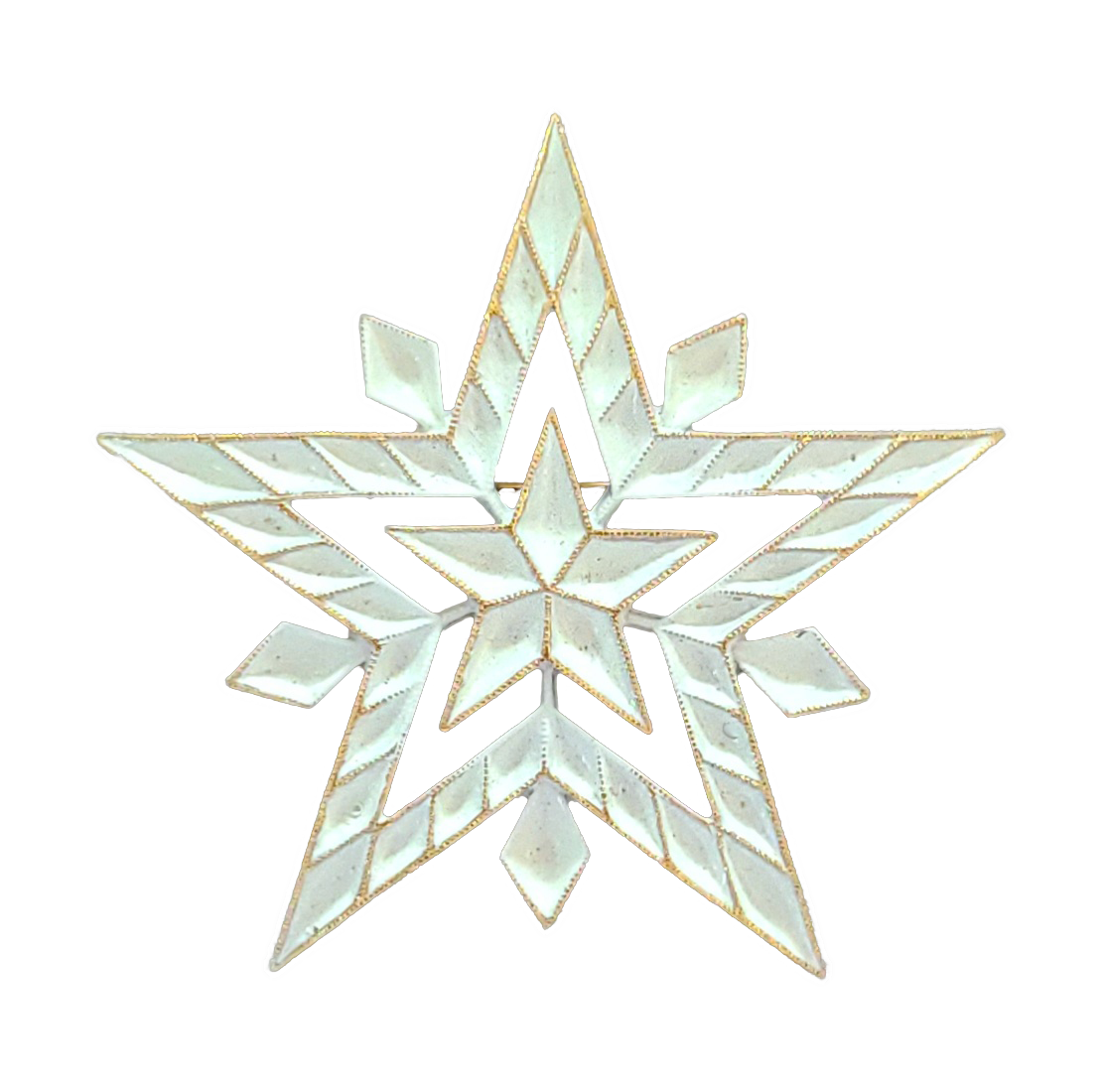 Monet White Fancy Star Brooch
* * *
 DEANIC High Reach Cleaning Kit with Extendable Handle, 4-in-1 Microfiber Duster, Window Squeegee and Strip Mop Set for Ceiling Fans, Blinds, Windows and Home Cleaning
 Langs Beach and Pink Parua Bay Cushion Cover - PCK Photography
...
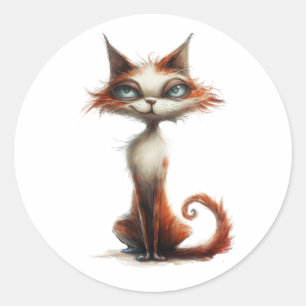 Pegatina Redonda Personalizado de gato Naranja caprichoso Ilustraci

◆ **Your instructions**
The stretch of entries above that starts with the line containing "DEANIC High Reach" and goes on through the line containing "Langs Beach and" is to be transcribed exactly, and no other line is to be transcribed.

◆ **Your response**
 DEANIC High Reach Cleaning Kit with Extendable Handle, 4-in-1 Microfiber Duster, Window Squeegee and Strip Mop Set for Ceiling Fans, Blinds, Windows and Home Cleaning
 Langs Beach and Pink Parua Bay Cushion Cover - PCK Photography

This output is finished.